Chile y Tolstoi: Peregrinos atrasados

Volando sobre Rusia en 1952, escucho a mi vecino de asiento, que ya toca los lindes de la vejez, el novelista chileno Fernando Santiván, llamarse «el peregrino» que llega por fin a tierras del antiguo maestro. En Moscú y Leningrado habla de la Colonia que, siguiendo sus enseñanzas, cuando joven, a principios de siglo, forma con un grupo de escritores y artistas de San Bernardo.

Precisamente su obra más conocida se llama Memorias de un tolstoyano. En ella, como en sus reminiscencias durante el viaje por la Unión Soviética, evoca los santos patronos de aquellos días: Dostoievski, Tolstoi, Gorka. Se jacta de que en aquel núcleo de muchachos iniciados nadie conoció a su héroe de barbas caudalosas mejor que él, «hasta en los menores detalles». Era su ícono familiar. No sólo había leído sus novelas sino que las estudió. Se embebía en sus teorías morales y filosóficas que «eran para mí tan conocidas como el silabario». Compartía esta adoración con el pintor Julio Ortiz de Zárate. Recuerda que confiesa a su amigo: «Tolstoy es como nuestro padre común. Yo... yo... iría en peregrinación a Rusia sólo para besar sus manos venerables...». Ahora andaba en peregrinación por tierras del santuario, pero su padre apostólico había muerto hacía más de 40 años.
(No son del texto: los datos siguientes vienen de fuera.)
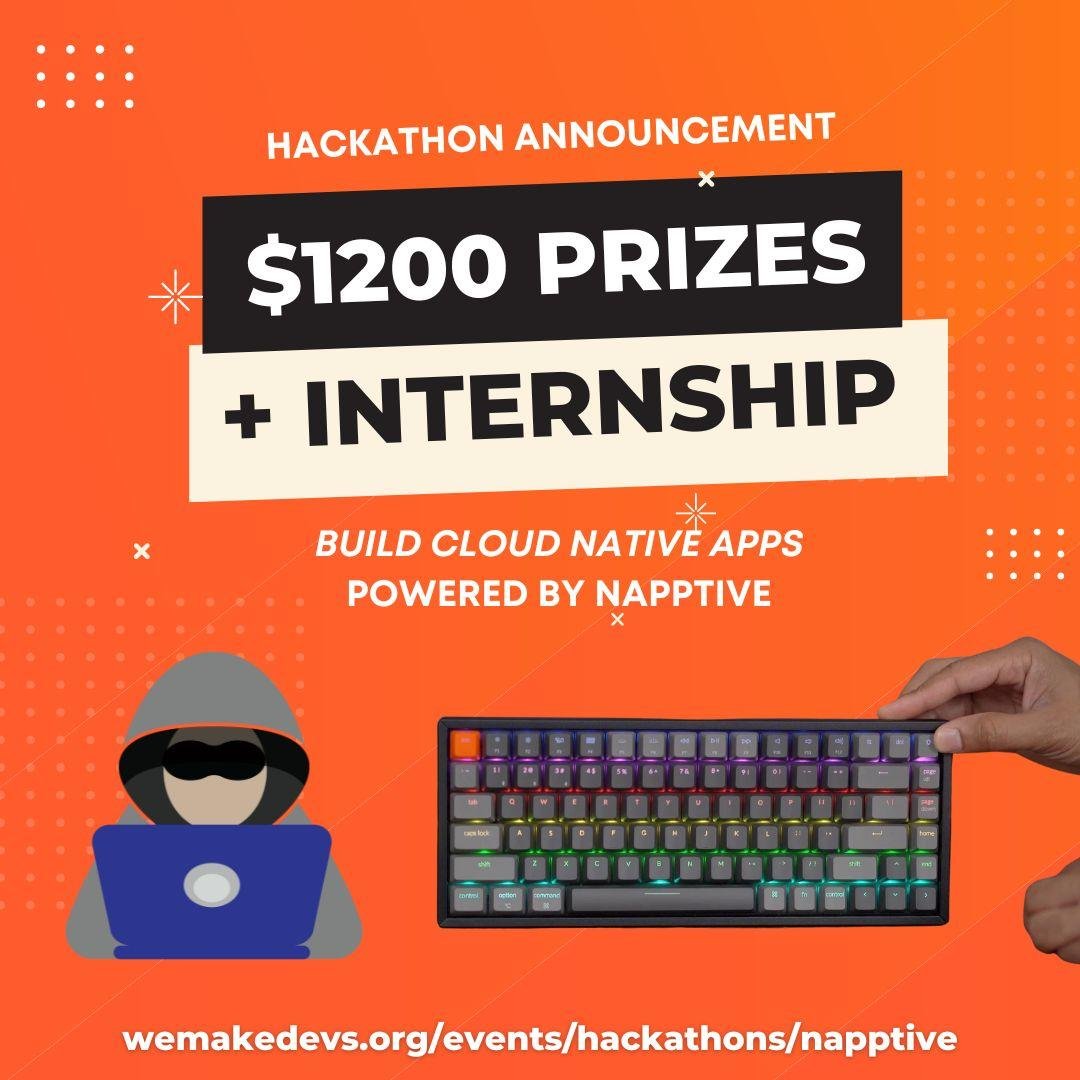 NapptiveCompany's tweet photo. ICYMI Join hundreds of devs already taking part in the Cloud Native #Hackathon by @NapptiveCompany and @WeMakeDevs and win prizes worth $1200. Check out the announcement video 📷 https://t.co/GFY1uD5Ibc #Kubernetes #CloudNative https://t.co/jJaSiYnN0k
Junto a Augusto Thomson, los tres volvían insistentes al tema: Tolstoi, la simplicidad de la vida campesina, la no resistencia al mal, huir de la atmósfera viscosa y sucia de la ciudad. Tanto hablaron del asunto que un día Fernando Santiván propuso pasar de la teoría a la práctica. Cuando Luis Ross, el mismo que enviaba a León Tolstoi empecinadas cartas admirativas que nunca tuvieron respuesta, supo la decisión, prorrumpió a gritos y planes muy de época: «¡Qué vida! ¡Qué linda vida! ¡Sublime!... Educarán ustedes a los araucanitos, como lo hacen los misioneros capuchinos... Formarán hombres libres, a semejanza de Reclus y Kropotkin».


Somos tolstoyanos

D'Halmar se veía participando en un falansterio de artistas y anunciaba con empaque de actor: «Estableceremos los métodos de Yásnaia Polaina». Entre nosotros Tolstoi, como Dostoievski y Gorki, ejercen un influjo fuerte a la vez que impreciso sobre escritores tan distintos como el propio Fernando Santiván, Augusto D'Halmar, Baldomero Lillo, Víctor Domingo Silva y curiosas figuras fronterizas de la literatura de ese entonces, como Luis Ross. Luego imprimen su sello sobre el Grupo de los Diez y la generación de pintores del año 1913. Cada uno buscaba en Tolstoi respuesta a interrogantes que los inquietaban. «Somos tolstoyanos», decían todos, pero cada cual a su manera, poniendo unos el acento en el artista, otros admirando más que nada al moralista; aquel transportado por La guerra y la paz, Resurrección o Ana Karenina; este deslumbrado por Mi confesión, que tomaba como manual de vida. Su signo inspirador fue, en primer término, social. Sin duda, tuvo también eco literario, a menudo difuso, sobre varios escritores chilenos de esa época. Hasta el propio D'Halmar, tan dado a la esotérica, publica una primera novela, Juana Lucero, donde el naturalismo se dulcifica con un sentimiento de conmiseración y al fondo de sus páginas cruza ondulando la sombra magistral.

Después de la llamada «Revolución de los Banqueros», en los comienzos del siglo XX, a Zola y Maupassant se agregaron otros ídolos.

Los rusos y los escandinavos eclipsan a los franceses, por una humanidad que traspone el límite. Los criollistas del Centenario suelen sentir a ratos un magnetismo hipnótico, reconocen su influjo casi mágico como el signo del tótem y eligen entre ellos sus nuevos dioses, fetiches y evangelistas.